Record extracts
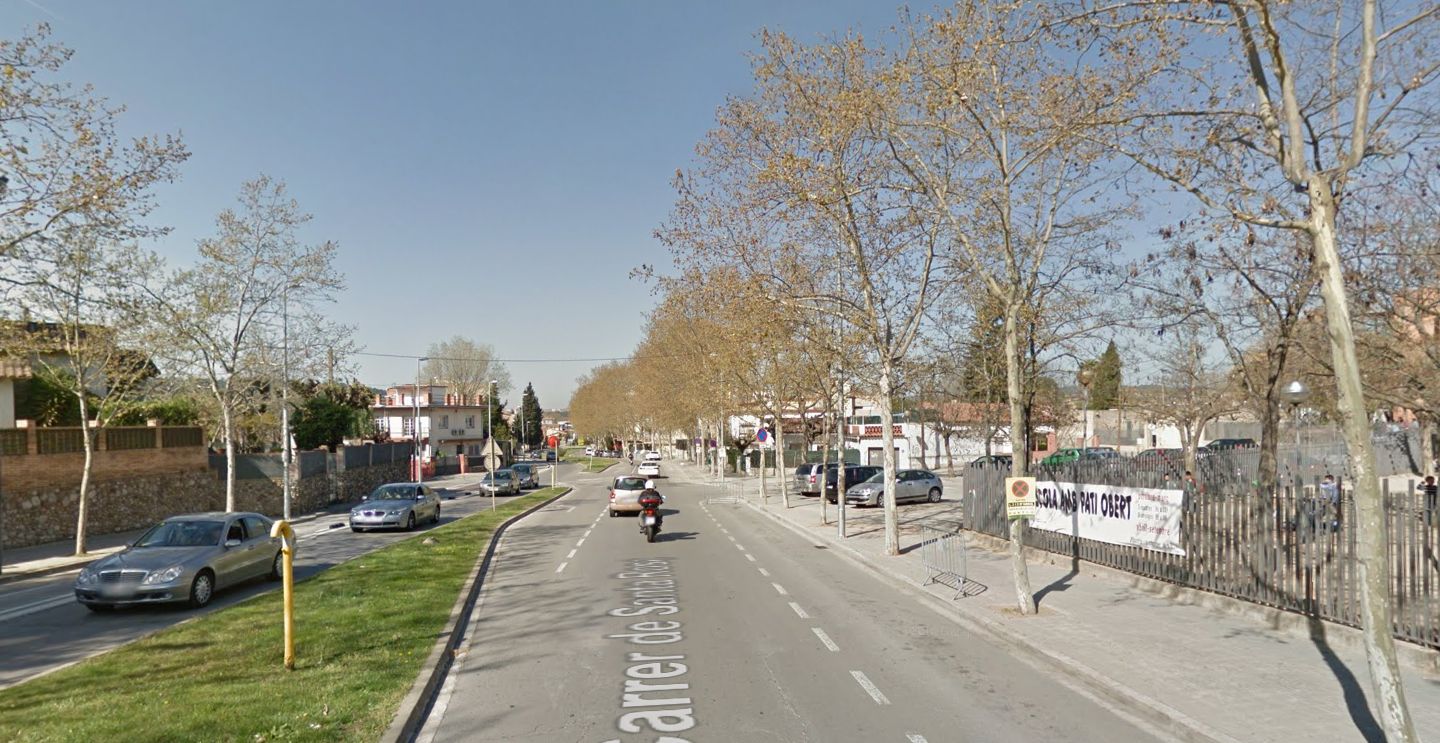 Dilluns es tallarà el trànsit al carrer de Santa Rosa per l'esporga de l'arbrat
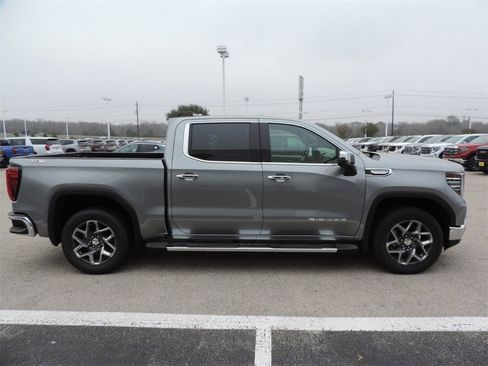 New 2026 GMC Sierra 1500 SLT image 4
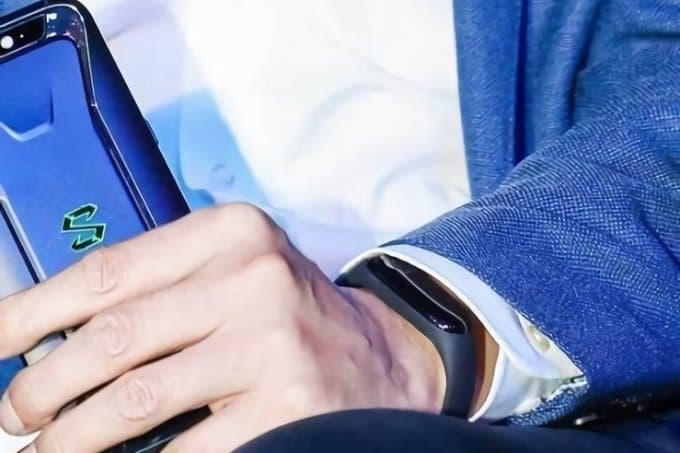 Глава Xiaomi показал фитнес-браслет Mi Band 3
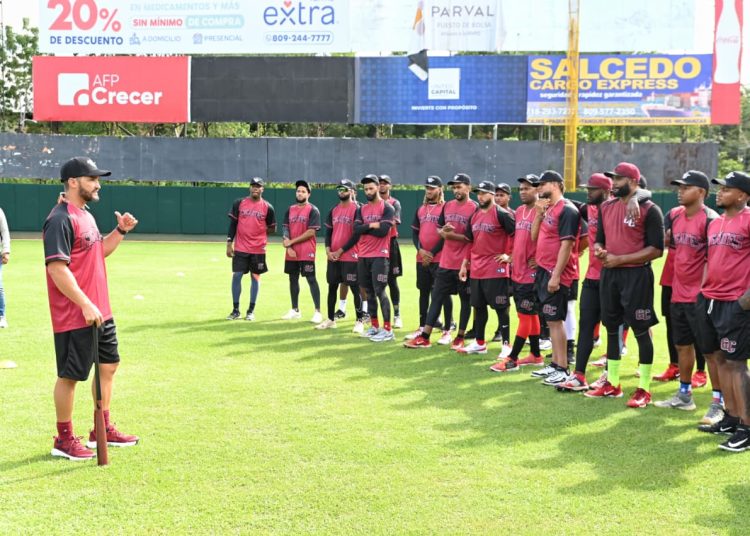 Gigantes del Cibao inician sus entrenamientos con 45 jugadores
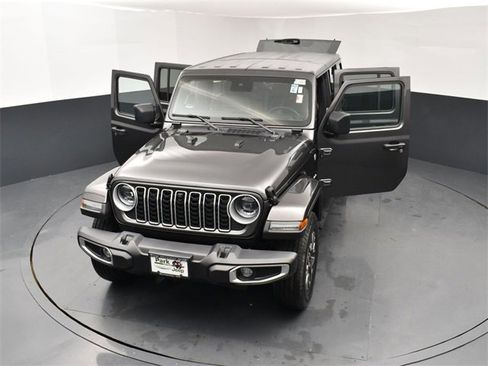 Used 2024 Jeep Wrangler Sahara w/ Technology Group image 26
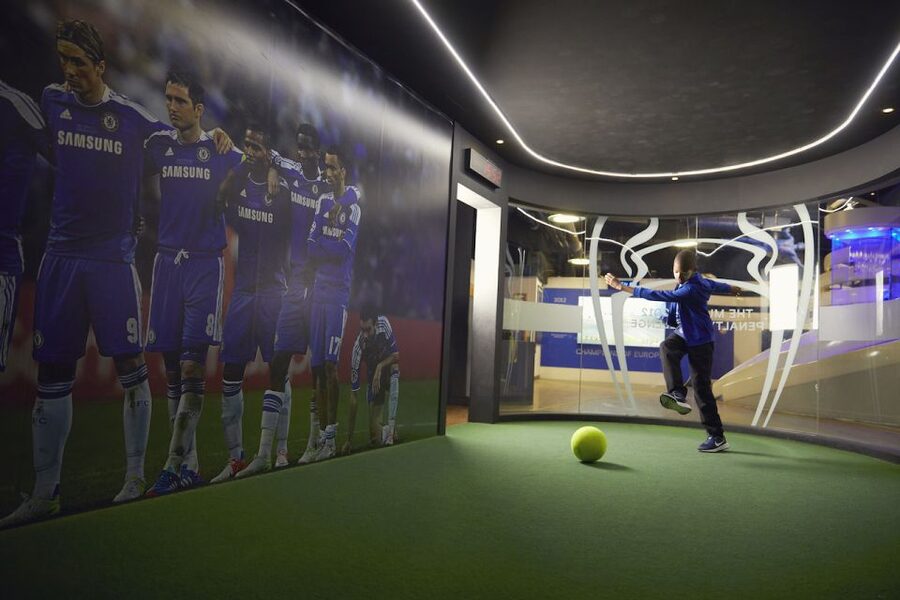 London: Chelsea Football Club Stadium and Museum Tour - The players’ tunnel and pitchside moment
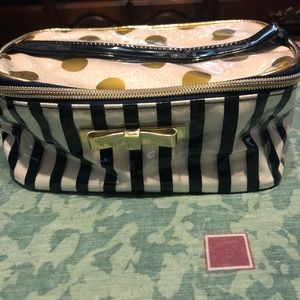 Claire's cometic bag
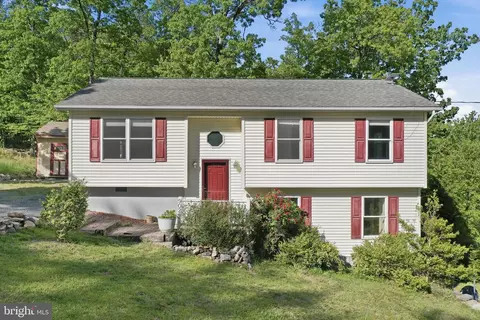 902 Enfield Dr, Winchester, VA 22602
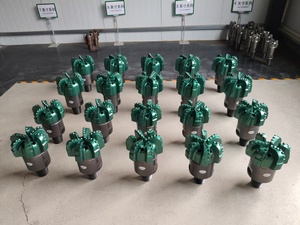 מקדחי יהלום <span class=keywords><strong>PDC</strong></span> עם <span class=keywords><strong>6</strong></span> להבים, 8 אינץ' (203.2 מ\\\"מ), לקידוח בארות מים עמוקות - Product Image 6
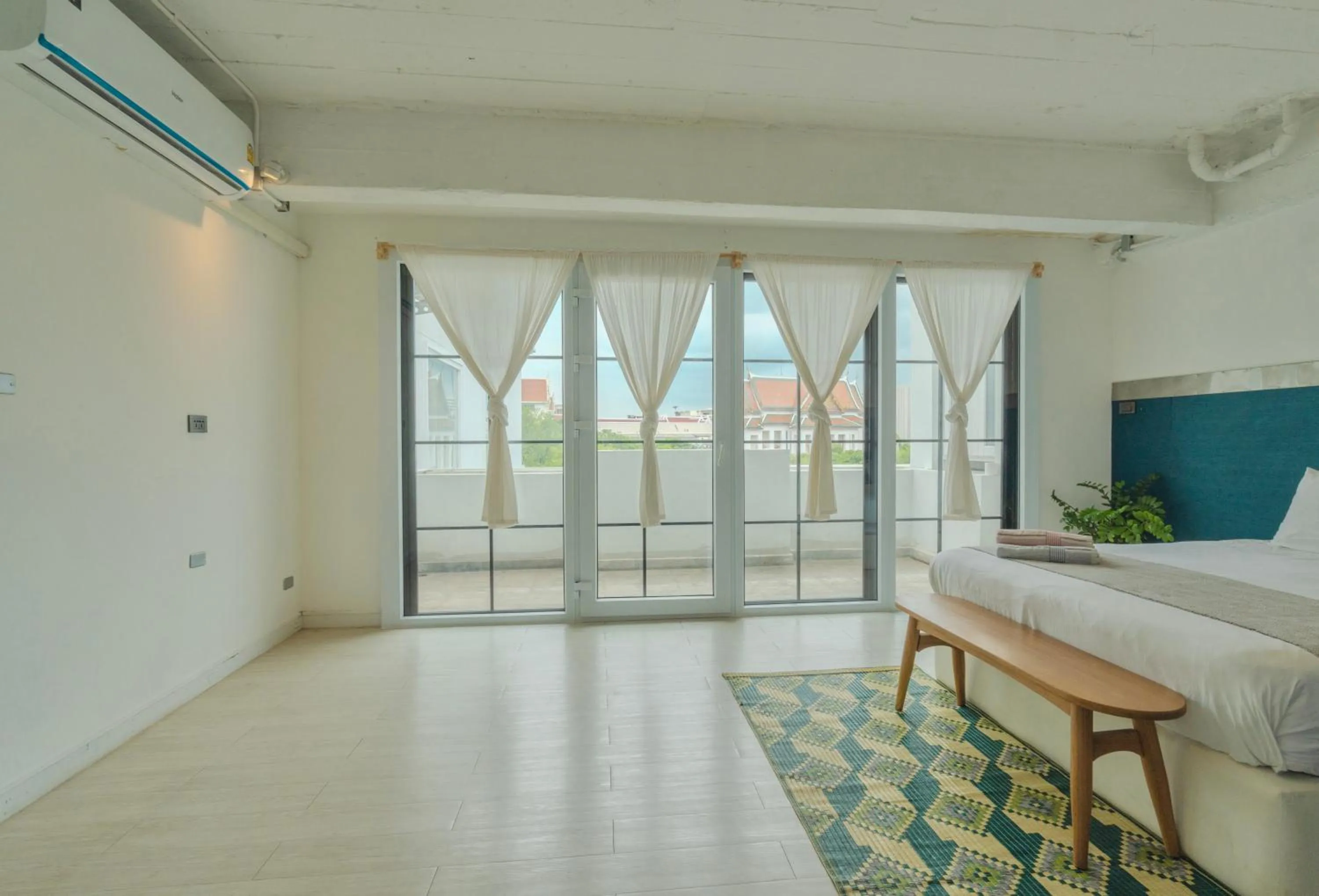 Bed in The Local Khaosan Bangkok Hotel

Task to complete
Pictures stay out of this copy. Retype exactly the lines from the one with "Глава Xiaomi показал" through the last line of the data, both ends included, and nothing more.

Final answer
 Глава Xiaomi показал фитнес-браслет Mi Band 3
 Gigantes del Cibao inician sus entrenamientos con 45 jugadores
 Used 2024 Jeep Wrangler Sahara w/ Technology Group image 26
 London: Chelsea Football Club Stadium and Museum Tour - The players’ tunnel and pitchside moment
 Claire's cometic bag
 902 Enfield Dr, Winchester, VA 22602
 מקדחי יהלום <span class=keywords><strong>PDC</strong></span> עם <span class=keywords><strong>6</strong></span> להבים, 8 אינץ' (203.2 מ\\\"מ), לקידוח בארות מים עמוקות - Product Image 6
 Bed in The Local Khaosan Bangkok Hotel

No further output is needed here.